Closed tommedema closed 2 years ago

tommedema commented 2 years ago

I'm trying to compute the DTW distances to various queries against many other time series. For each query I run subsequence_search with an array of time series (i.e. an array of arrays):

def getQuerySeriesResults(q, series, additions, minMatchCount, maxMatchCount):
    sa = subsequence_search(q, series, dists_options={'use_c': True})

    best = sa.kbest_matches_fast(k = maxMatchCount)

    return getSearchParameters(best, sa.distances, additions, minMatchCount)

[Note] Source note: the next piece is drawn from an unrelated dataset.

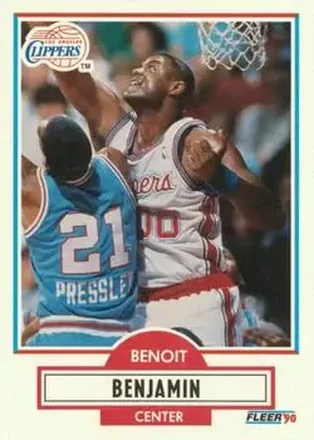 1990-91 Fleer #84 - Benoit Benjamin - Los Angeles Clippers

Since I have many queries to compare against time series, this warrants a use case for parallelization, and so I setup a cluster with ipyparallel:

import ipyparallel as ipp

clusterProcessesCount = 4

cluster = ipp.Cluster(n = clusterProcessesCount)
cluster.start_cluster_sync()
rc = cluster.connect_client_sync()
rc.wait_for_engines(clusterProcessesCount)
lview = rc.load_balanced_view()
dview = rc[:]

It works fine when running arbitrary python code:

tests = np.array([1, 2, 3])

def f(test):
    return test

for result in lview.imap(f, tests, ordered = False, max_outstanding = 'auto'):
    print(result)

However, as soon as I invoke sa.kbest_matches_fast inside one of the child processes, I get this exception:

exception calling callback for <AsyncResult(<ipyparallel.serialize.serialize.PrePickled object at 0x7f7e2a170f70>): failed>
Traceback (most recent call last):
  File "/Users/tommedema/opt/anaconda3/lib/python3.9/site-packages/ipyparallel/client/asyncresult.py", line 528, in _resolve_result
    raise r
ipyparallel.error.RemoteError: [0:apply] ValueError: buffer source array is read-only

The entire log can be found here

I could ask in the ipyparallel repo too though the issue seems to only occur with dtaidistance when setting use_c to True and so I am wondering if you might have an idea what is going on here?

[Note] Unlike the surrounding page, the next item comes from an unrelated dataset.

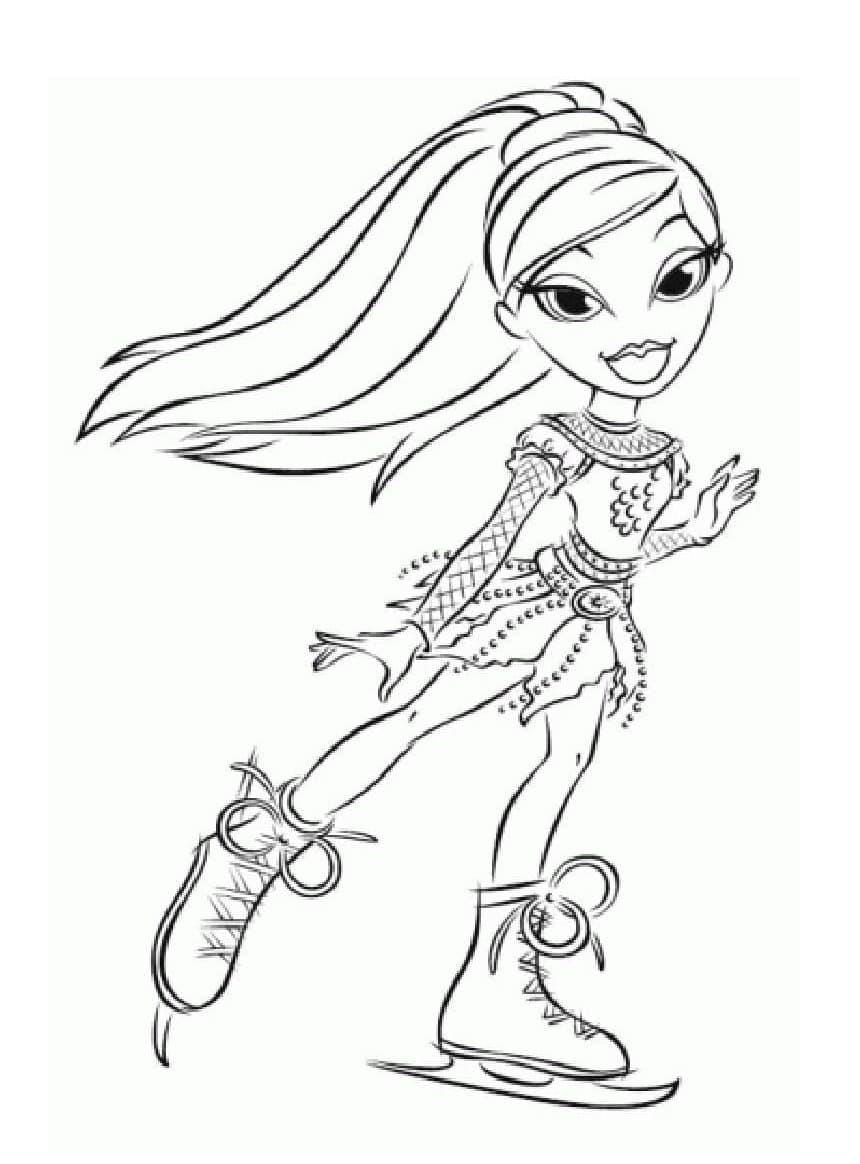 Glückliches Bratz Mädchen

tommedema commented 2 years ago

I just found that when I disable C ("use_c": False) this error does not occur. However, that defeats the purpose of my performance optimization with parallelization.

If it helps, I can create a minimal reproducible example using Google Collab (though I'm not sure if I can run child processes there). Please let me know and I really appreciate any help on this.

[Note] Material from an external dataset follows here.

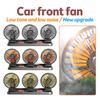 Car Fan 360° Adjustable 3 Head Air Fan Automotive Electric Fan USB/12V/24V Fan 2 Speeds Car Silent Fan For Home Desk Office Car Heat Shields 2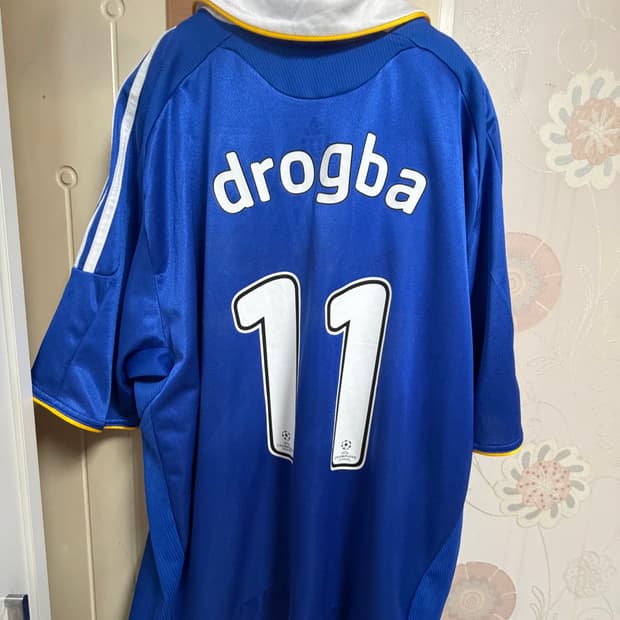 08-09 첼시 홈 유니폼 챔스 마킹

wannesm commented 2 years ago

A minimal reproducible example would be helpful, yes. I do not seem to be able to repeat the error when using ipyparallel. And I can not immediately see where a non-writable view would be created.

You could also test the inputs (query and series) to the subsequence_alignment function with the following test to check if this is triggered by an operation before calling dtaidistance:

if query.flags.writeable is False:
    assert('query is not writeable')
if series.flags.writeable is False:
    assert('series is not writeable')
tommedema commented 2 years ago

@wannesm brilliant! That taught me that somehow the input query is not writable. I was able to resolve the issue by wrapping it with: q = np.array(q). Even though it already was a numpy array (from np.take after to_numpy from pandas), which is weird, but at least it works now.